Kiawah Island, S.C. ($274-$374)

A blend of tidal marsh carries, scrub-topped dunes and wildly undulating greens pair with 7,600 muscular yards to form a relentless mix of beauty and brawn. While architect Pete Dye has softened his greens and their surrounds over years, the Ocean Course remains among the toughest tests in the country. That’s what competitors in the 1991 “War by the Shore” Ryder Cup maintain; Rory McIlroy, who decimated the course in winning the 2012 PGA Championship, might feel differently.

7. TPC Sawgrass (Players Stadium)
Ponte Vedra Beach, Fla. ($350-$495)

Venue for the PGA Tour’s Players Championship since 1982, Pete Dye’s imaginative, variety-filled and occasionally terror-inducing track has crowned winners such as Tiger Woods, Phil Mickelson, Greg Norman and Adam Scott. One of the wildest finishes took place in 2013, when Sergio Garcia, tied with Woods, splashed two tee shots at the infamous island-green 17th, made quadruple-bogey, and sunk to eighth place. Some sniff at its artificiality, yet for shotmaking options and memorable individual holes that require a blend of power and finesse, TPC Sawgrass has few peers.

8. Bandon Dunes
Bandon, Ore. ($85-$310)

Bandon’s original course is a David McLay Kidd design draped atop craggy headlands above the Pacific. Ocean views stun the senses, along with bluff-top sand dunes sprinkled with Scotch broom and gorse bushes, coastal pines, crashing surf, wind-whipped tall native grasses, and stacked sod bunkers. The most memorable seaside tests are the par-4 fourth, the par-3 12th and the par-4 16th, each with eye-popping scenery and enjoyable risk/rewards.

9. Harbour Town Golf Links
Hilton Head Island, S.C. ($190-$380)

A favorite of PGA Tour pros for more than 40 years, Harbour Town boasts the iconic candy cane-striped lighthouse that backdrops the 18th hole — and so much more. A place of subtle beauty, this is a shotmaker’s paradise where power takes a backseat to precision. Mixing live oaks, lagoons, tiny greens, bunkers banked by railroad ties and a closing stretch along the Calibogue Sound, this Pete Dye/Jack Nicklaus collaboration delights and terrorizes at every turn.

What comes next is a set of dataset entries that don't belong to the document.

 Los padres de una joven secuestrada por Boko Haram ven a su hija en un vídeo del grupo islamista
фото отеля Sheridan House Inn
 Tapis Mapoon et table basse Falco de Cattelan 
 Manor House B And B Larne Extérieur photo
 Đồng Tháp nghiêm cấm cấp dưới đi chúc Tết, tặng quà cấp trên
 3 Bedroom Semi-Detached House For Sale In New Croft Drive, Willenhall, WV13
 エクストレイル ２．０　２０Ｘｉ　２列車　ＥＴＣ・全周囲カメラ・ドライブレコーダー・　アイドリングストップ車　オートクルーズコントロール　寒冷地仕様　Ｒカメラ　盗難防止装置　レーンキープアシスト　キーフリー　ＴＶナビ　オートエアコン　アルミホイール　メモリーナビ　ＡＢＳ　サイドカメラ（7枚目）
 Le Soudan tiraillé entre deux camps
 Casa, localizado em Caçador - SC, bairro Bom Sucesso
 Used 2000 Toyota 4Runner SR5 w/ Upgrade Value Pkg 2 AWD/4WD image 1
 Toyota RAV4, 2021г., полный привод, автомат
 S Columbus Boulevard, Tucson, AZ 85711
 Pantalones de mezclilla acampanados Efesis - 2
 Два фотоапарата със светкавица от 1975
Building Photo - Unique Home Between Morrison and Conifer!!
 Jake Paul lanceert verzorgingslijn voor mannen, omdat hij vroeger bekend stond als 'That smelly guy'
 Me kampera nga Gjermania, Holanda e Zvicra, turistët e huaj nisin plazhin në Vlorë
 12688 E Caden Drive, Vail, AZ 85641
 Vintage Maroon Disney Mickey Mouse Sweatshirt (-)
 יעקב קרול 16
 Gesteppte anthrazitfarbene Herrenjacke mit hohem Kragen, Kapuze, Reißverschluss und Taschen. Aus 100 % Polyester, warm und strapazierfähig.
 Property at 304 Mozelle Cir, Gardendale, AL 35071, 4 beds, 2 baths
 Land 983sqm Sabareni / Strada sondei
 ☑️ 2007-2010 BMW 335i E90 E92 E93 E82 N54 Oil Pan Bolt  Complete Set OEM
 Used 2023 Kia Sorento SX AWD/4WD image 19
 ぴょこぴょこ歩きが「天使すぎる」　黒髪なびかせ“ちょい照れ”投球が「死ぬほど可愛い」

10. Streamsong Resort (Red)
Streamsong, Fla. ($85-$255)

Streamsong dishes out a unique palette for Florida golf. Tall, odd-shaped sand piles, significant climbs and drops, firm, fast-running Bermuda fairways and lakes submerged in the sand spice the play on the Coore-Crenshaw-designed Red course. The uphill, 474-yard, par-4 opener sets the tone, with a drive over water and scrub. Most dramatic is the 208-yard, par-3 16th, a funky, stunning Biarritz hole, with a forced carry over water leading to a green that’s bisected by a massive hollow.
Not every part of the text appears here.